John Waters: I always wanted to make people angry and make them laugh though, to be surprised.  I mean, my early movies were made for a hippie audience.  That’s who went to midnight movies.  But I was a.. look I guess like I had been... I had long hair.  I thought the revolution was coming, but I was a Yippie you know, and so I made fun of Hippies by making violent movies, like “Multiple Maniacs” and “Pink Flamingos,” but the Hippies always liked it.  The same way today.  

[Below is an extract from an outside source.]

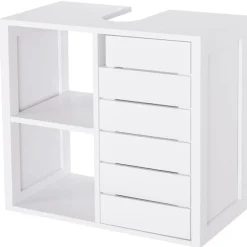 Mueble bajo de lavabo Kleankin suspendido blanco 54x60x30 cm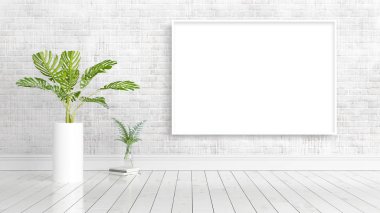 Boş çerçeve ile modern parlak iç. 3D render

In my book, "Role Models," I have chapters that are fairly rude about outsider pornographers and men that go down in outhouses and shit on them, but no one seems to object.  It was on the Best Seller List in the Midwest, I think.  Isn’t that amazing that’s in libraries... And I wrote a very impassioned piece about trying to free one of the Manson women, which not anybody got that controversial about that.  The only thing I’ve said on the book tour that were the cause of people going crazy was, in San Francisco, I said I thought they had good public transportation.  And then there were all these blogs that said, “Has John Waters lost his mind?”  So I thought that was the only controversial thing I said.  So things are... it’s odd, people I guess if they buy my book, they expect to be a little bit surprised.  That’s what they’re paying the money for.  They’d be disappointed if they weren’t.

Question:
Is your work anti-ironic?

John Waters: I think there’s not an ironic sentence in "Role Models."  I don’t write about anybody that’s so bad they’re good.  And even in my movies, in Baltimore and all that kind of thing.  I’m looking up to those people.  I’m asking you to come into their world and marvel.  I’m never asking you like reality television, to look down on them and make fun of them and feel superior.  I think that’s a big, big difference.  I don’t think, even my most extreme films were every mean spirited, really.  I mean, in “Pink Flamingos,” Divine was minding her own business, writing her memoirs.  In “The Woodsman” she was challenged by a jealous pervert.  I think my movies are politically correct in a weird way and moral.   

Question:
How are your films moral?

John Waters: Well the morality of my movies is: "Mind your own business!"  You don’t know what caused people to act the way they do and so until you know all that and you’ve heard all the evidence, it’s none of your business.  I couldn’t believe that everybody went crazy about Tiger Woods.  Well, he didn’t run for Pope.  I don’t care who he slept with.  He shouldn’t care who I sleep with.  They all said he was great, too.  That’s the thing, what’s he upset about.  Every person said he was the best fuck ever.